All participants will be informed of the benefits of healthy lifestyle habits, such as regular exercise and healthy eating. The study group will receive acupuncture and clomiphene citrate treatment; the control group will receive only clomiphene citrate. The intervention in both groups will last three menstrual cycles. Acupuncture treatments will be given by professional acupuncturists with at least 2 years of practical acupuncture experience.

Acupuncture treatment

Acupuncture points will be selected based on the Zang-fu organ system, Yin-Yang theory, and clinical rules for PCOS acupoint selection. Two sets of acupoints will be used; each set will be used on alternate treatments. The first acupoint formula comprises DU-20, DU-24, GB-13, RN-12, ST-25, RN-4, EX-CA-1, KI-12, SP-6, and LR-3. The second acupoint formula comprises BL-23, BL-32, SP-6, and KI-3. Disposable, single-use, sterilized needles (Huatuo, Suzhou Medical Appliance Fact. 215005 Suzhou, China) of sizes 0.25 mm × 25 mm, 0.25 mm × 40 mm, and 0.25 mm × 50 mm will be inserted into the acupoints, and a Deqi sensation obtained by manipulating the needles. Table 2 shows the location, depth, and type of insertion for each acupoint. Each treatment will last for 30 min; no manipulation will be used once the Deqi sensation is achieved. The acupuncture treatment will be conducted three times a week from the fifth day of menstruation or withdrawal bleeding until the start of the next menstruation, for up to three menstrual cycles.

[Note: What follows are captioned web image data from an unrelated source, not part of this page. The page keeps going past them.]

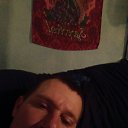 ���� ������, ������������, 31 ��� - ��������� 11 ����� 2026 � ������ ���� ����������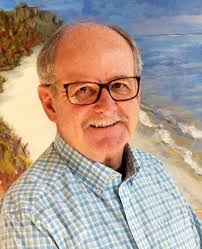 Volume 24 Number 5 (Journal 740) May, 2021 IN THIS ISSUE Member Photos Page  2 In This Issue Page 3 President's Letter Page 4 V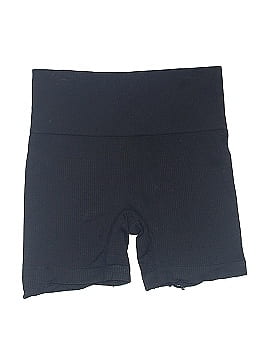 Colsie Athletic Shorts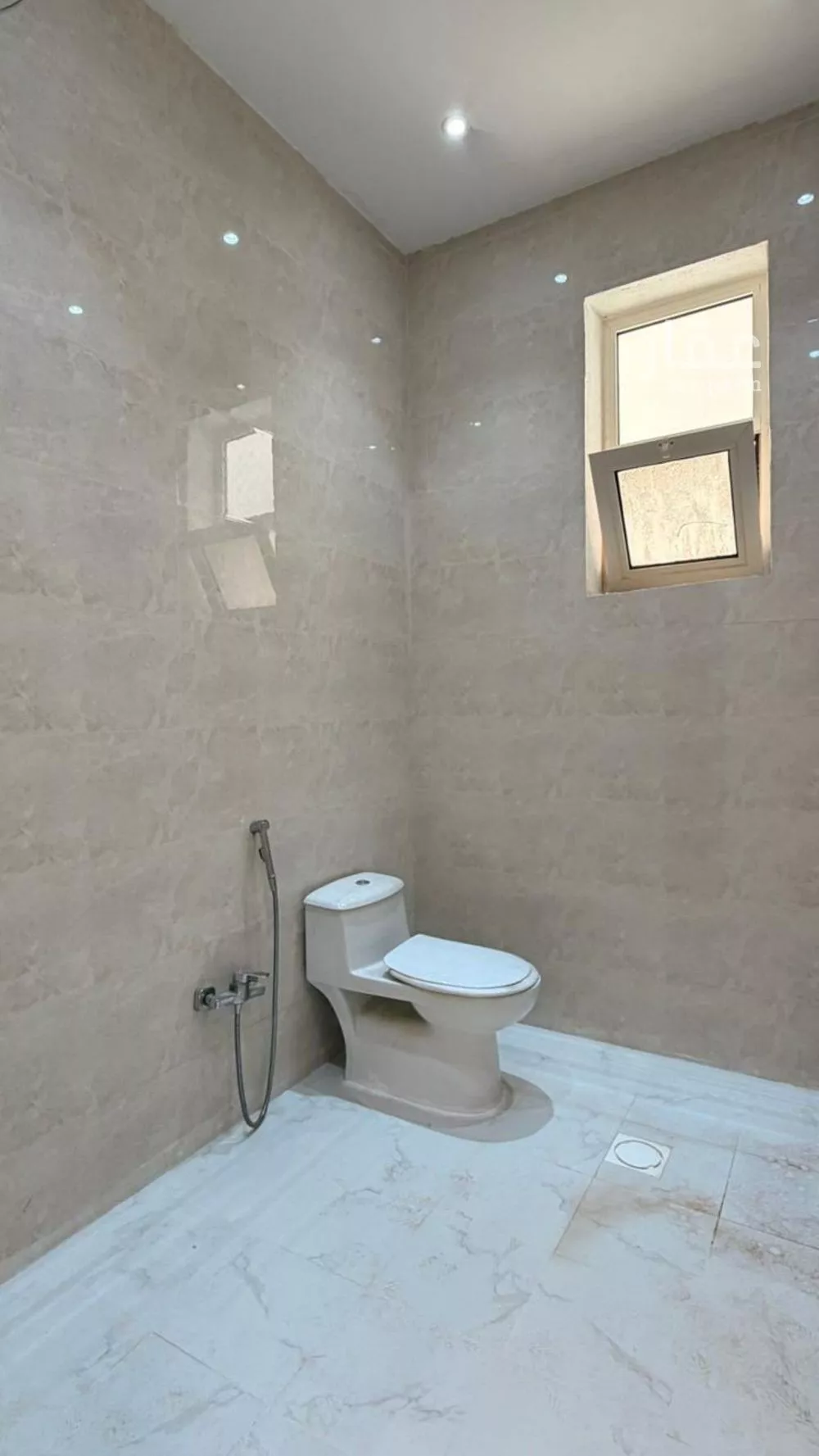 3 bedroom apartment in Al Qadisiyah, Riyadh 4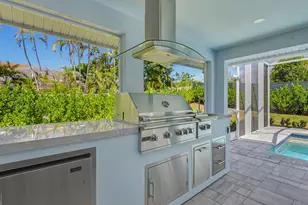 2016 Sheffield Ave, Marco Island, FL 34145 - Photo 17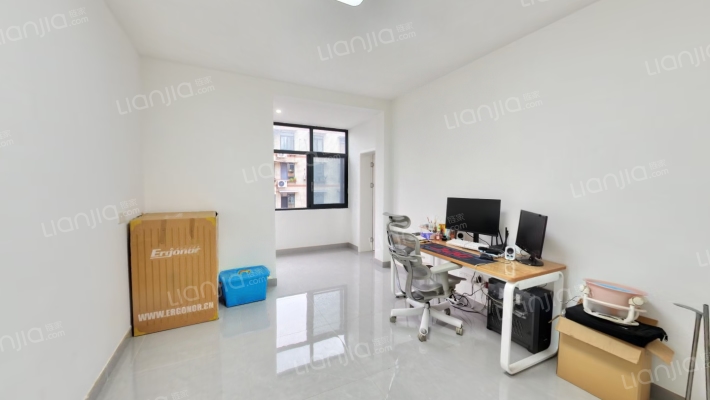 永溪街156号二手房实景图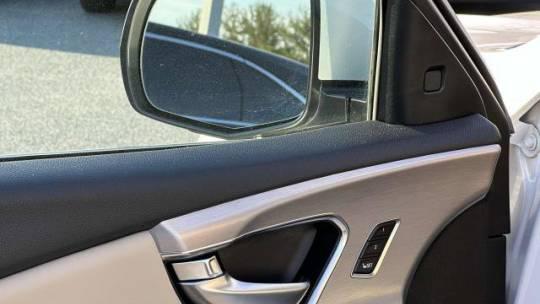 2021 Acura RDX Technology Package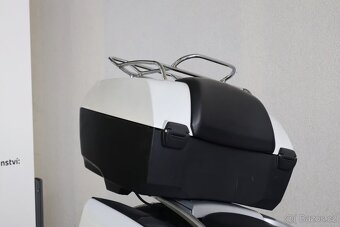 BMW K1600GT - 4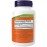 NOW Foods Supplements, Cayenne (Capsicum annuum) 500 mg, Herbal Support, for Digestive Health, 250 Veg Capsules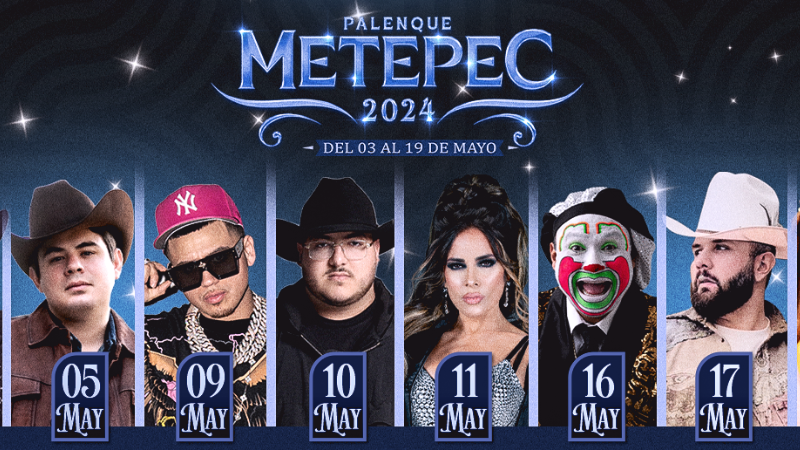 PalenqueMetepec_agenciabrunc_2024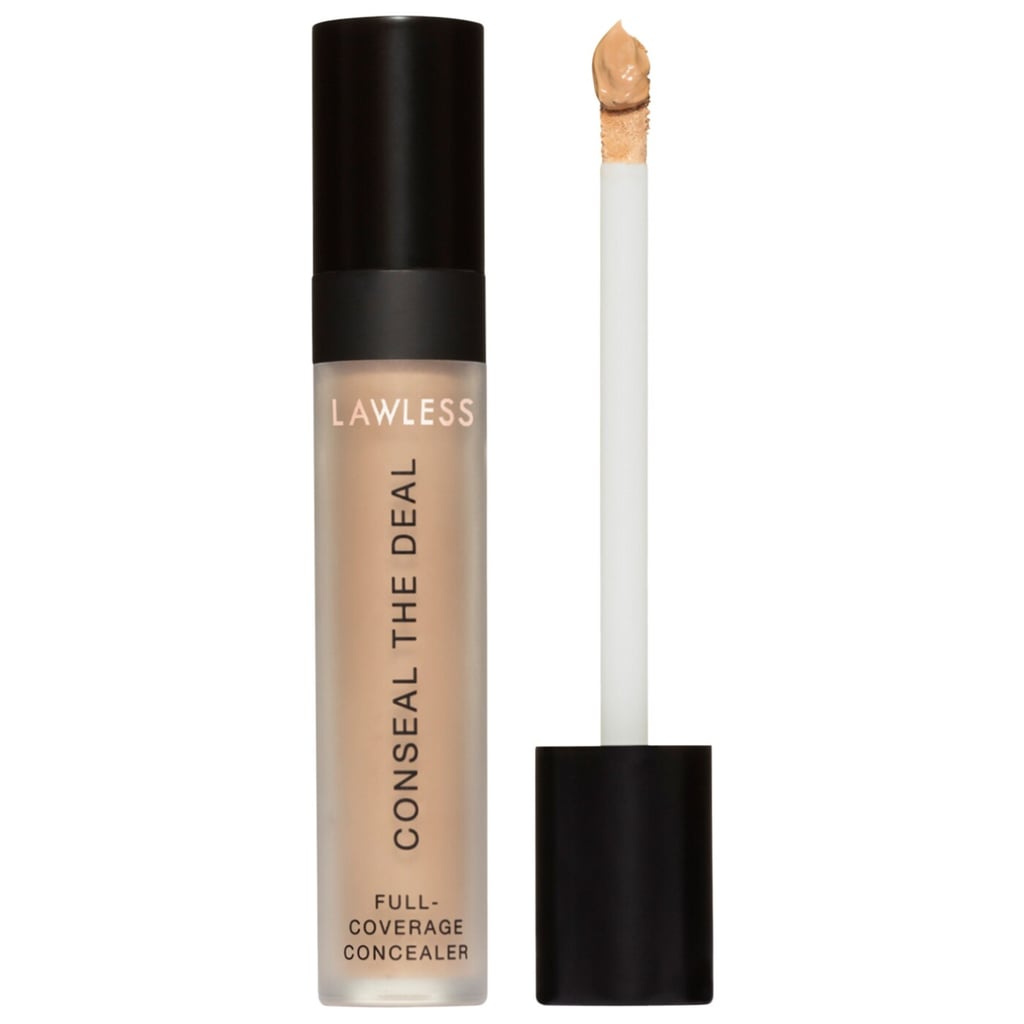 Lawless Conseal the Deal Concealer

Table 2 Acupuncture protocol
Full size table

Clomiphene citrate treatment

Clomiphene citrate treatment will be administered on the fifth day of menstruation to participants without amenorrhea in the study and control groups. Participants will receive treatment with an initial oral dose of 50 mg for 5 continuous days. If there is an ovulatory response, this dose will be maintained and will be given on the next cycle. For patients with no ovulatory response, an additional 50 mg dose will be given on the next cycle; the maximum dose of clomiphene citrate will not exceed 150 mg. Patients with amenorrhea will receive the same pharmacological treatment regimen after withdrawal bleeding has been induced by progestin. The treatment will last for three menstrual cycles.

Outcome measures

Primary outcome

The primary outcome will be the change of LH/FSH. Data will be collected before the start of the study (the baseline assessment) and after 3 menstrual cycle treatments.

Secondary outcomes

The secondary outcomes will include changes in biometric features, changes in hormonal parameters/metabolic parameters/inflammatory parameters, changes in Self-Rating Anxiety Scale (SAS) and Self-Rating Depression Scale (SDS) scores, and changes in gut microbiome analysis. Data will be collected before the start of the study and after 3 menstrual cycle treatments.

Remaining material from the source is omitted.